Can you expand on this a bit? The way i'm thinking, that is only the case if you need low-latency. And in that case, it seems you just need to charge to cover compute.

We're running Stable Diffusion on an eks cluster and it evens out the load across calls and prevents over-resourcing.

If latency isnt an issue, it can be run on non-gpu machines. If you're looking for someone under $300 or $400/mo, then I agree it may be an issue.

On that note, I havent checked whether there are lambda/fargate style options which provide GPU power, to achieve consumption based pricing tied to usage, but that might be a route.

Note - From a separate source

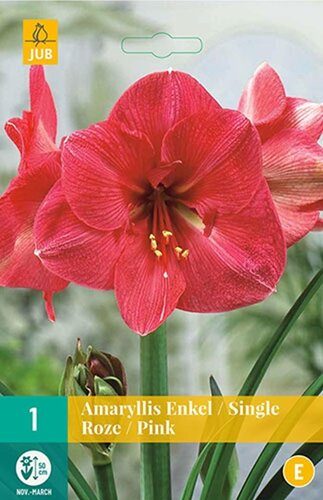 Amaryllis enkel roze 1 bol - afbeelding 1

Can anyone speak to this?

4 comments

>On that note, I havent checked whether there are lambda/fargate style options which provide GPU power, to achieve consumption based pricing tied to usage, but that might be a route. Can anyone speak to this?

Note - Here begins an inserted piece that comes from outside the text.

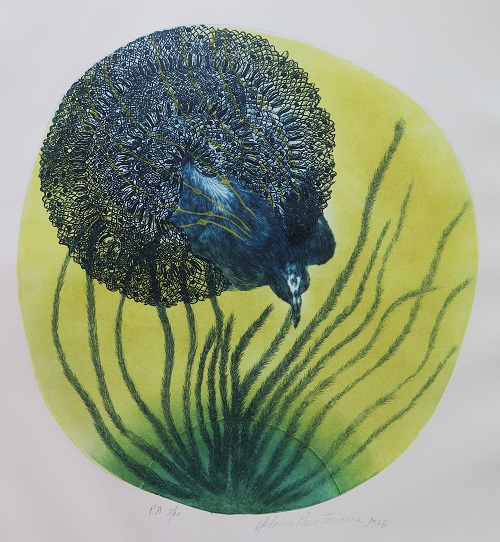 Obra Sem título de Heloisa Pires Ferreira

https://lambdalabs.com/service/gpu-cloud

Thanks for this. This is nice and the prices are great...but I was specifically curious about something where consumption can be tied to cost (e.g. lambda/fargate style where you pay by the call)
It's not quite lambda, but GKE auto pilot supports GPU workloads, so it could be a relatively easy way to do this.

You could have a rest service sticking incoming requests into a queue, and then a processor deployment picking off the queue using the GPU resource requests / spot instances. You'd probably also want something to be scaling the processor deployment replicas based on the queue depth and your budget.

I haven't compared the pricing to EKS so unsure if it would really be better financially, but it would avoid having to manage scaling up/down GPU nodes explicitly.

https://cloud.google.com/kubernetes-engine/docs/how-to/autop...

https://www.banana.dev/ have been working on the Lambda-style thing. I haven't tried it but looks very impressive.
> If you're looking for someone under $300 or $400/mo, then I agree it may be an issue.

Yeah. These models don’t need special resources to run. As a consumer I would prefer to buy a 4090 and then run everything locally. I don’t want to pay $10 or $20 monthly subs to a half dozen different AI services. All professional software turning into subscription services sucks.

Midjourney charges $30/mo for unlimited “relax” time and 15 hours of fast GPU time. That’s not too bad. But multiply that by 6 services and a 4090 pays for itself in a few months.

Midjourney is completely different from SD on a computational level. SD is optimized for speed, it takes 5 seconds to generate a 512x512, and their internal optimizations are bringing it down to 0.5 seconds (stated on their twitter). To achieve this, they do one-shot generation straight to 512x512, without upscaling slowly from 64x64 -> 256x256 -> 512x512

Midjourney is optimized for quality. It actually does do the gradual upscaling, which is how the Imagen and Ediffi papers demonstrated. This results in far better quality, but extremely taxing and slow. Even on 'fast' mode it runs like a snail compared to SD. I don't think it'll work on anything below a A100.